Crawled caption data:
● ● ● ● ●
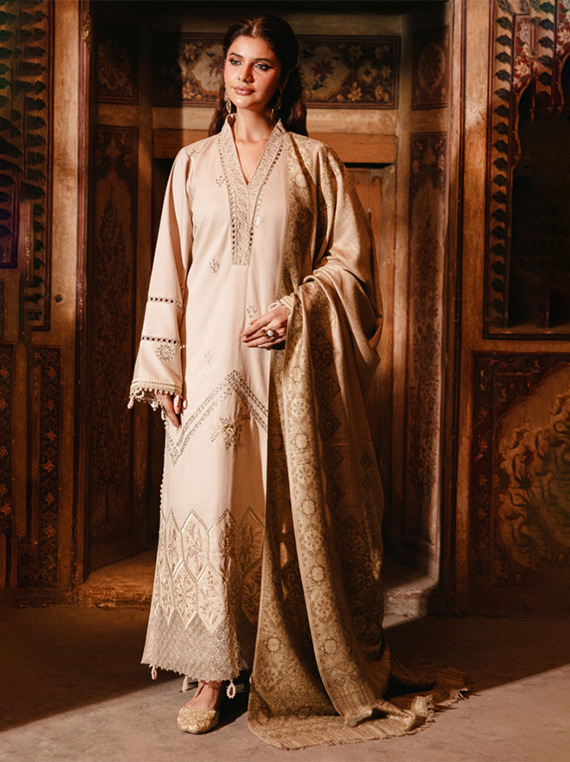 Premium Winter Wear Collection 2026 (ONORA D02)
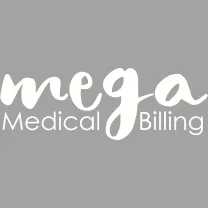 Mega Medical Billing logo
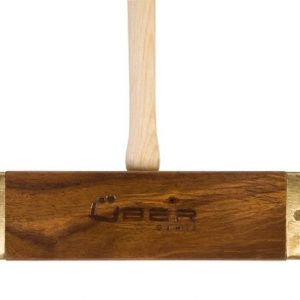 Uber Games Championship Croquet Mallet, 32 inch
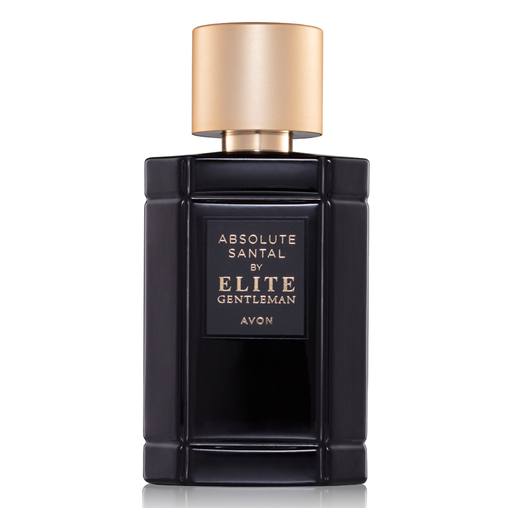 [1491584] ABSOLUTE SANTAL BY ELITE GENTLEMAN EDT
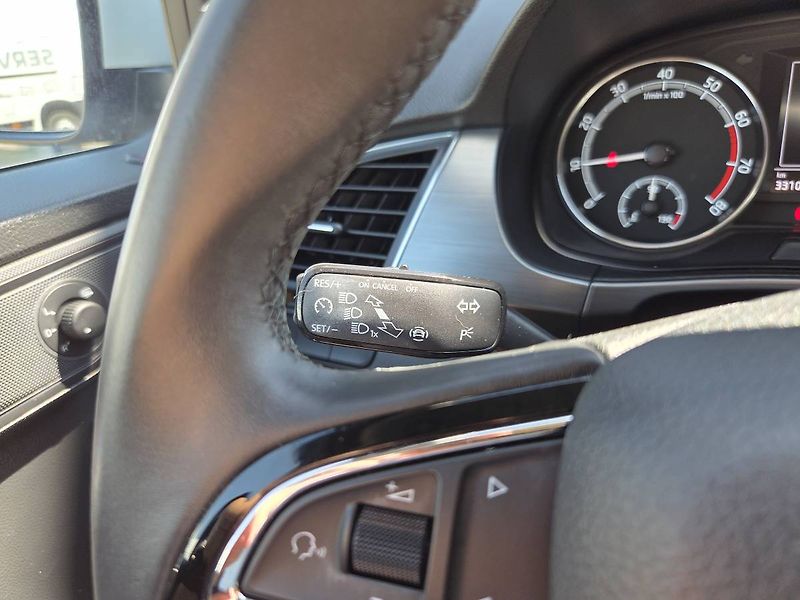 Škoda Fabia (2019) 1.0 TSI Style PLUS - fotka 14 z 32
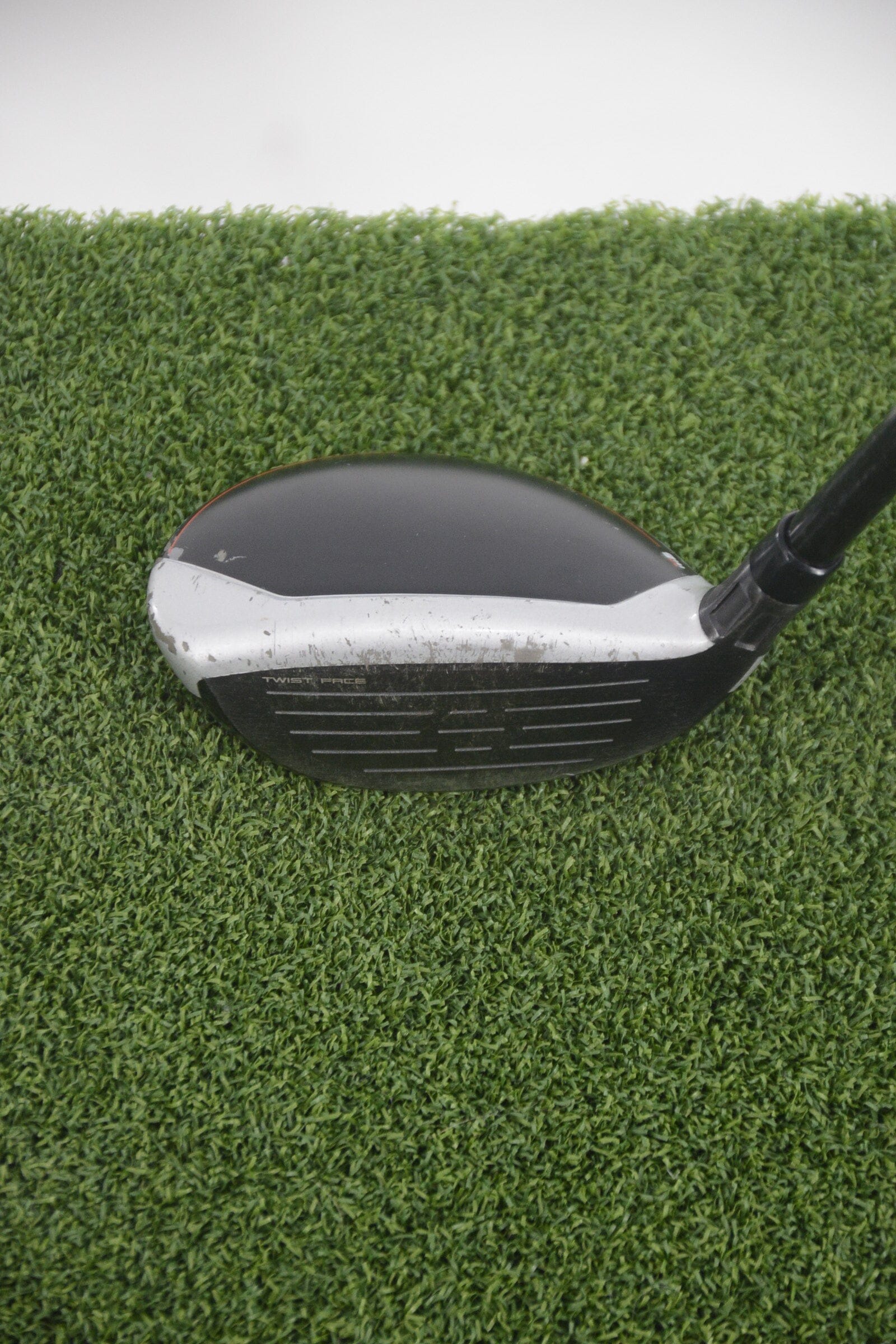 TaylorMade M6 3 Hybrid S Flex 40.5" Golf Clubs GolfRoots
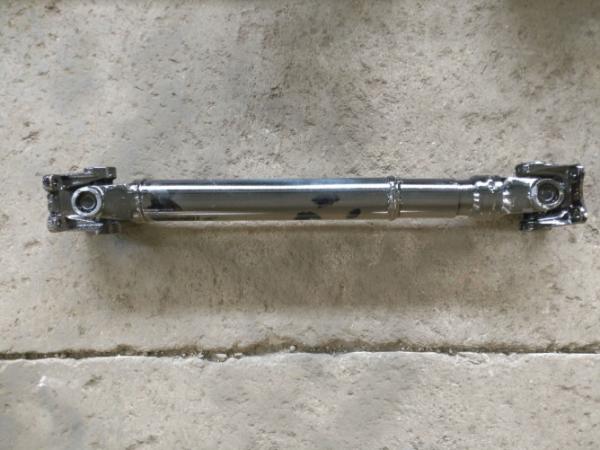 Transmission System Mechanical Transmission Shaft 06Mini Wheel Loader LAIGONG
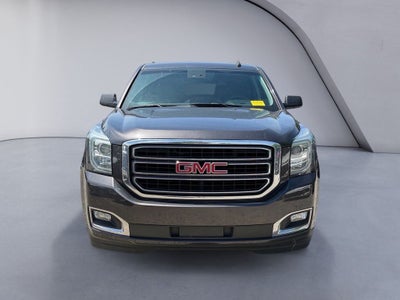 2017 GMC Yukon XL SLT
● ● ● ● ●
▸ TASK PROMPT: Apart from the pictures, the entries above are to be repeated in full and exactly.

▸ RESPONSE TO THE EXERCISE:
 Premium Winter Wear Collection 2026 (ONORA D02)
 Mega Medical Billing logo
 Uber Games Championship Croquet Mallet, 32 inch
 [1491584] ABSOLUTE SANTAL BY ELITE GENTLEMAN EDT
 Škoda Fabia (2019) 1.0 TSI Style PLUS - fotka 14 z 32
 TaylorMade M6 3 Hybrid S Flex 40.5" Golf Clubs GolfRoots
 Transmission System Mechanical Transmission Shaft 06Mini Wheel Loader LAIGONG
 2017 GMC Yukon XL SLT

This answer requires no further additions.